Anoche me marché a la cama muy temprano, justo después de cenar. Estaba enfadada porque mi equipo de fútbol había sido eliminado de la Copa del Rey. Los comentaristas de la televisión decían que el árbitro había perjudicado a mi equipo. No pude dejar de pensar en el árbitro cuando estaba durmiéndome y creo que, al final, el sueño que tuve fue debido a mi enfado.
Lo primero que recuerdo es que estaba en medio de un campo de fútbol. Era un campo verde, con las líneas perfectamente pintadas de blanco, inmenso y de lo grande que era, me parecía que estaba yo sola. Pero no lo estaba, pasados unos segundos pude ver que a mi derecha estaban los jugadores de un equipo, vestidos de rojo y próximos a una portería; en la portería de la izquierda, los jugadores de otro equipo estaban vestidos de azul. De pronto, oí el pitido de un silbato, que yo misma había soplado, y los jugadores de los dos equipos comenzaron a correr hacia mí. En ese momento miré hacia mis pies y vi un balón de fútbol. También vi que iba vestida como el árbitro de un partido de fútbol, con pantalones negros y camiseta rosa, pero no de un rosa cualquiera, el rosa era un rosa chicle, chillón, que se veía a kilómetros de distancia.

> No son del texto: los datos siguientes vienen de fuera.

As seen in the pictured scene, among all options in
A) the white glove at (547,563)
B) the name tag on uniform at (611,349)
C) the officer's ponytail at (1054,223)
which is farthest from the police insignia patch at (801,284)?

El público que llenaba las gradas cantaba, gritaba y movía sus bufandas rojas y azules. Cuando vi de cerca a los primeros jugadores corriendo, me asusté. Tenían sus caras enfadadas y me miraban como los guerreros miran a sus enemigos. Allí estaba yo, vestida de un color rosa “discreto”, lo idóneo para camuflarme para que no me vieran. Pero no pasó nada cuando llegaron los primeros jugadores, todos me dieron la mano y me sonrieron.

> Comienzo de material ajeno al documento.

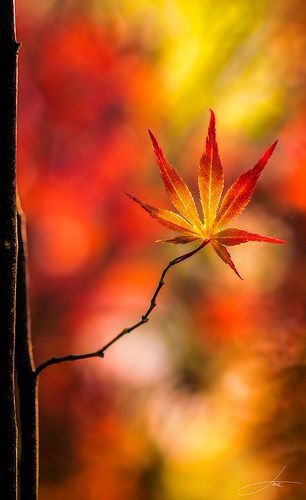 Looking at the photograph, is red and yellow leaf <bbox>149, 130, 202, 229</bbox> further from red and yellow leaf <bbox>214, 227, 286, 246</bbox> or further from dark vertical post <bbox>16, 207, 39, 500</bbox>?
dark vertical post <bbox>16, 207, 39, 500</bbox>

En ese momento, la pelota se había hecho más pequeña y los jugadores se habían transformado en jugadores de futbolín. Eran de madera, la mitad pintados de rojo y la otra mitad de azul, con una barra de hierro atravesando sus cuerpos. Sus caras eran ridículas, pero allí estaba el futbolín y allí estaba yo. De pronto, oí una voz que decía: “Señoras y señores, bienvenidos a la Copa del Mundo de Futbolín”. Entonces, aparecieron un tailandés enano vestido de rojo y un gigante ruso vestido de azul. Eran los dos finalistas y yo era el árbitro de la final.
De lo que ocurrió después no recuerdo mucho. No sé si fue una final disputada, no sé quién ganó, pero sí creo que yo debí hacerlo bien porque los dos finalistas me abrazaron y en sus idiomas me dijeron: “Gracias, lo has hecho muy bien”. Yo no sé hablar tailandés ni ruso, pero les entendí perfectamente.
Cuando me estaba despertando, he notado que estaba buscando una bola de futbolín entre las sábanas. Por supuesto, la bola no estaba.